» Task details
Find the line below with "Retro 80s Memphis Fashion Pencil Pen Holder". Print it and every line after it exactly, through the last line, leaving out the pictures.

** Opening Task material block **

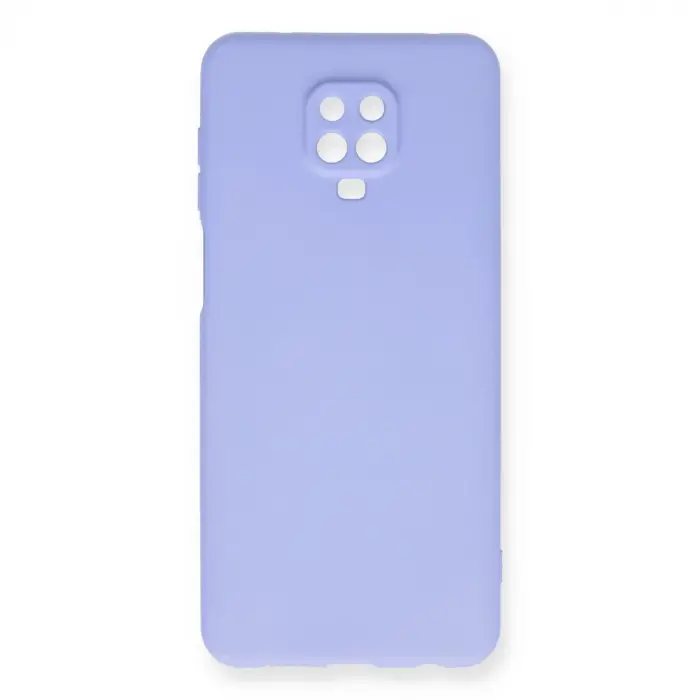 Xiaomi Redmi Note 9 Pro Kılıf Nano İçi Kadife Silikon - Lila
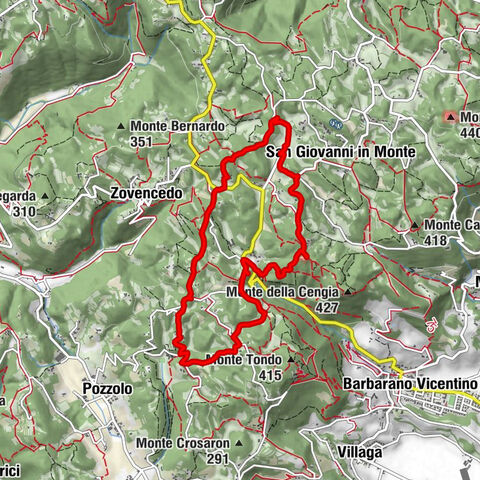 Trattoria La Scudelletta - Capitello - Monte Sella Crocetta - Monte Tondo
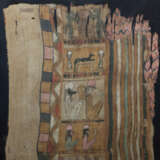 Mumientuch Saitisch, ca. 500 v. Chr., hochrechteckiges Fragment, geweb… - фото 3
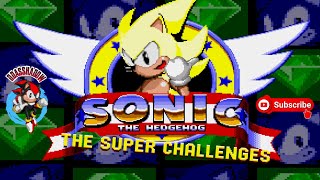 Sonic The Super Challenges - Island Dash (Super Sonic) • Sonic Classic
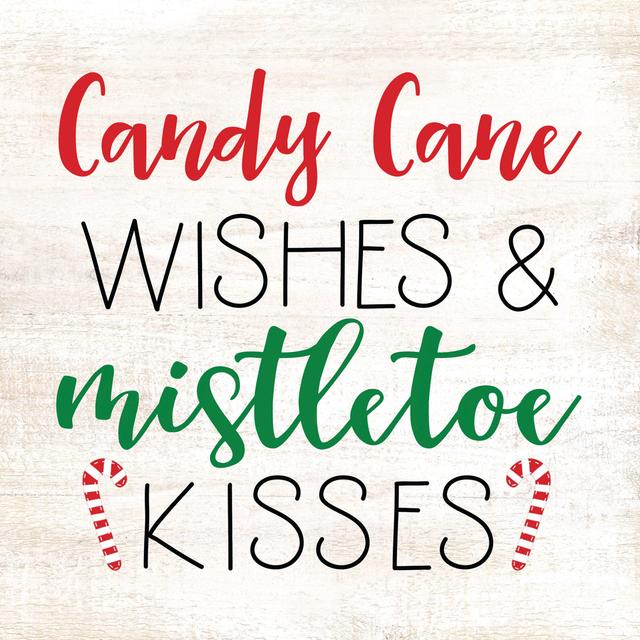 Candy Cane Wishes - Wrapped Canvas Print The Seasonal Aisle Size: 30cm H x 30cm W x 3.8cm D on Productcaster.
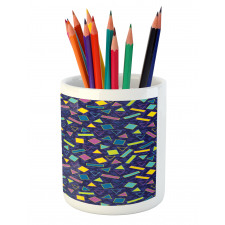 Retro 80s Memphis Fashion Pencil Pen Holder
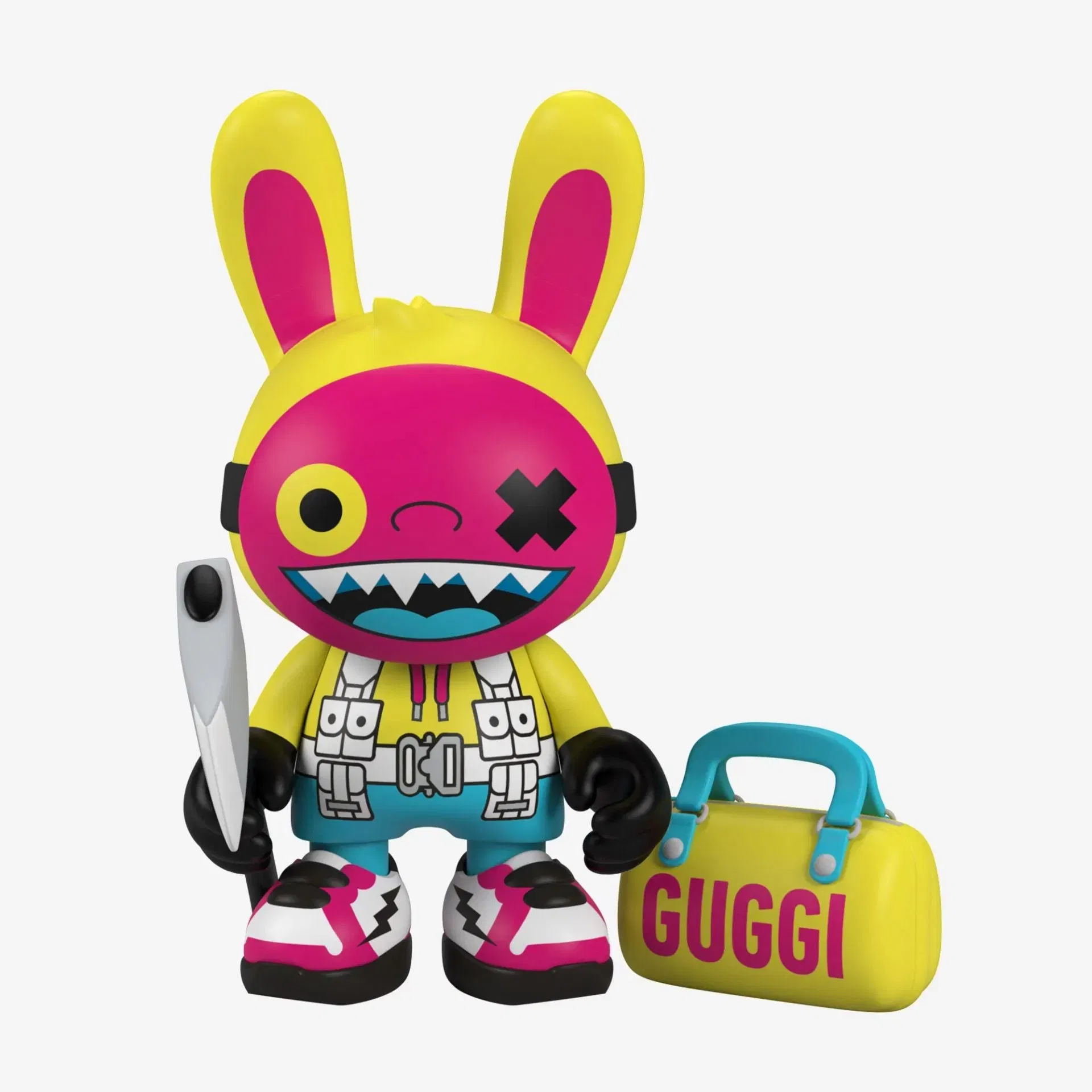 SUPERPLASTIC “CONCEAL N’ BURY” FASHION EDC SUPERGUGGI 8″ BY GUGGIMON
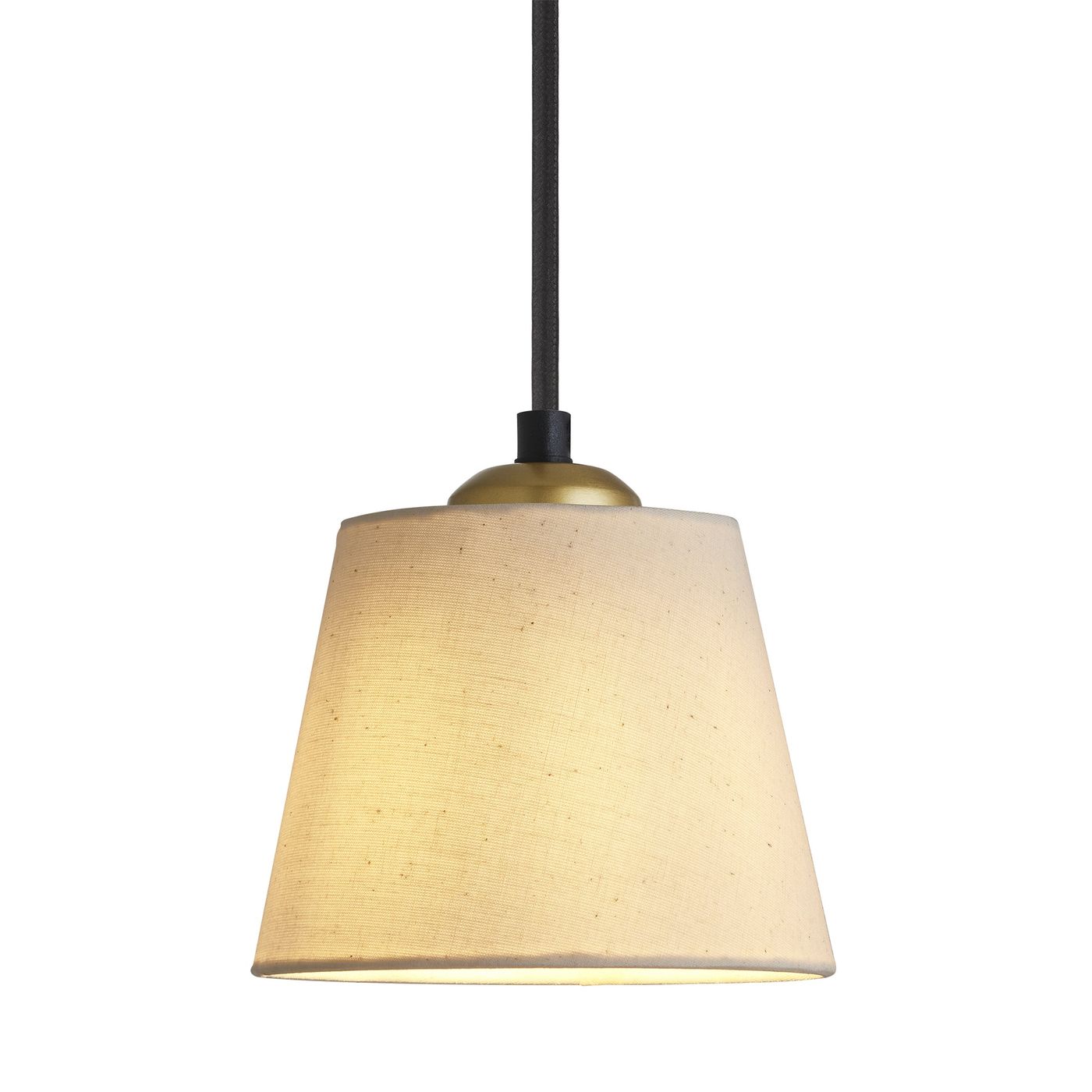 Orlando Empire Pendant in Brass Finish with Light Natural Cotton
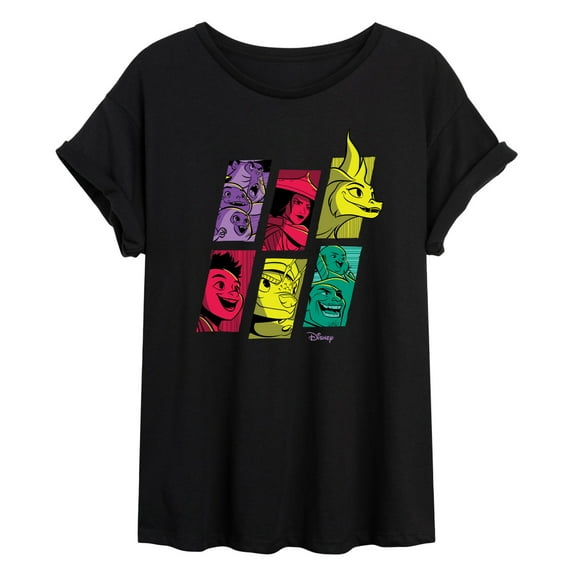 Raya and the Last Dragon - Dragon Tale Character Grid - Women's Oversized T-Shirt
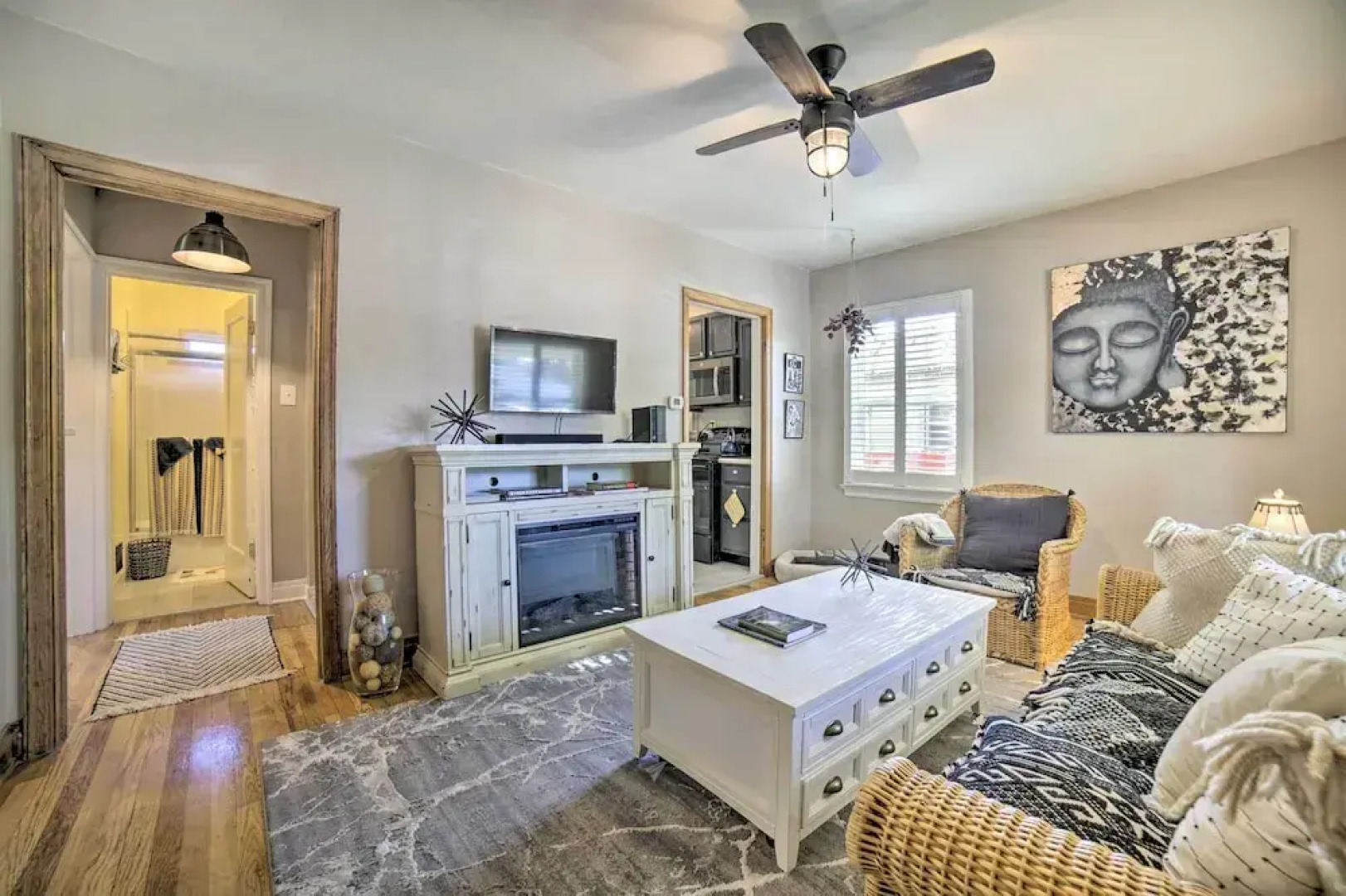 Walk to Midtown: Reno Retreat w/ Furnished Deck!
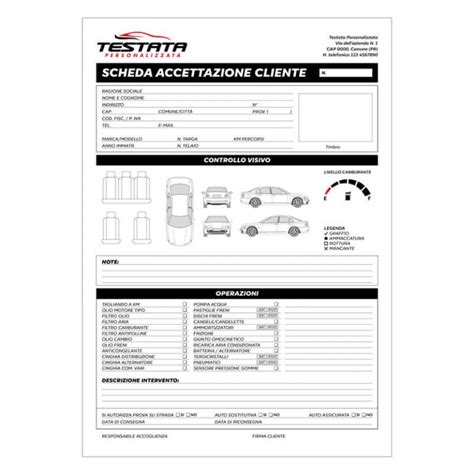 Documenti di manutenzione dell'auto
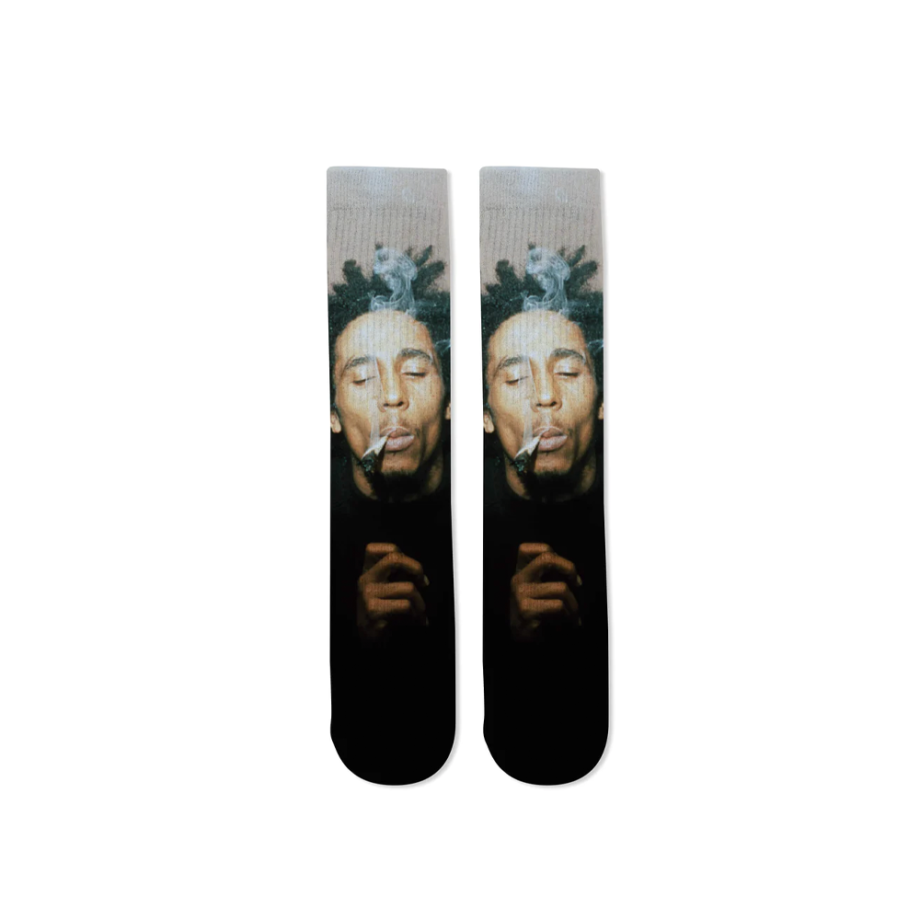 Primitive x Bob Marley Kaya Socks Grey PA322S12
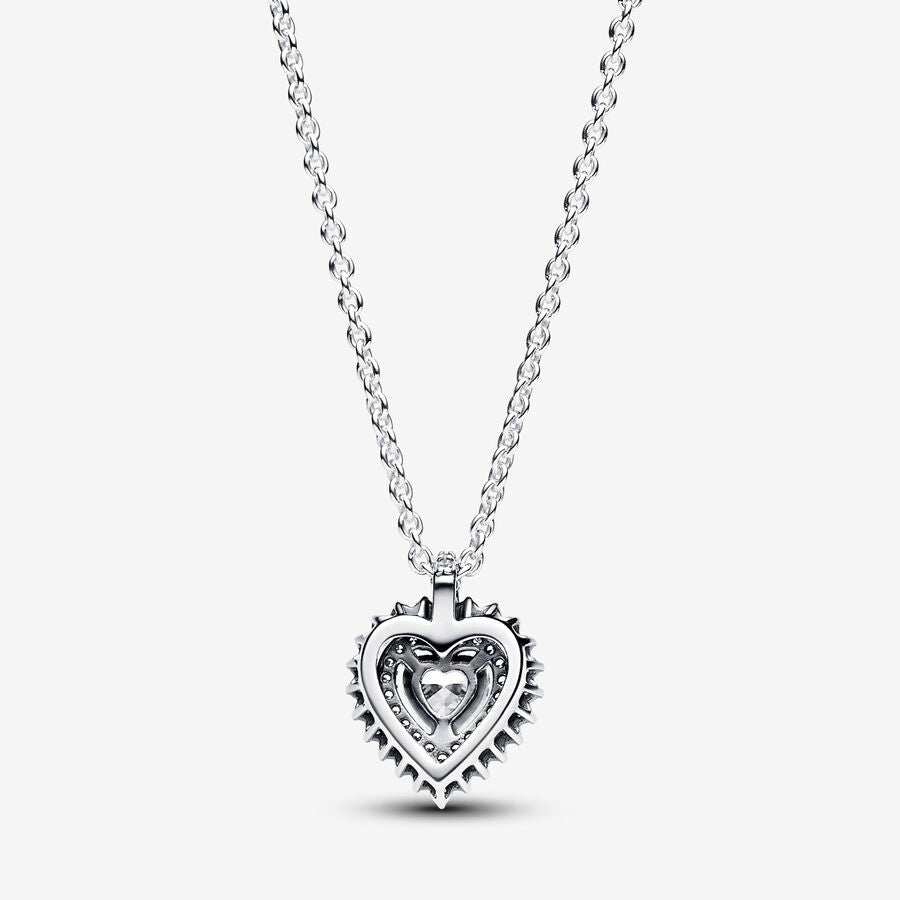 Pandora Sparkling Heart Halo Pendant Necklace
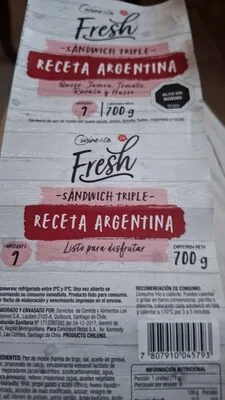 Fresh - SANDWICH TRIPLE - RECETA ARGENTINA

** Closing Task material block **

» Solution for this task
 Retro 80s Memphis Fashion Pencil Pen Holder
 SUPERPLASTIC “CONCEAL N’ BURY” FASHION EDC SUPERGUGGI 8″ BY GUGGIMON
 Orlando Empire Pendant in Brass Finish with Light Natural Cotton
 Raya and the Last Dragon - Dragon Tale Character Grid - Women's Oversized T-Shirt
 Walk to Midtown: Reno Retreat w/ Furnished Deck!
 Documenti di manutenzione dell'auto
 Primitive x Bob Marley Kaya Socks Grey PA322S12
 Pandora Sparkling Heart Halo Pendant Necklace
 Fresh - SANDWICH TRIPLE - RECETA ARGENTINA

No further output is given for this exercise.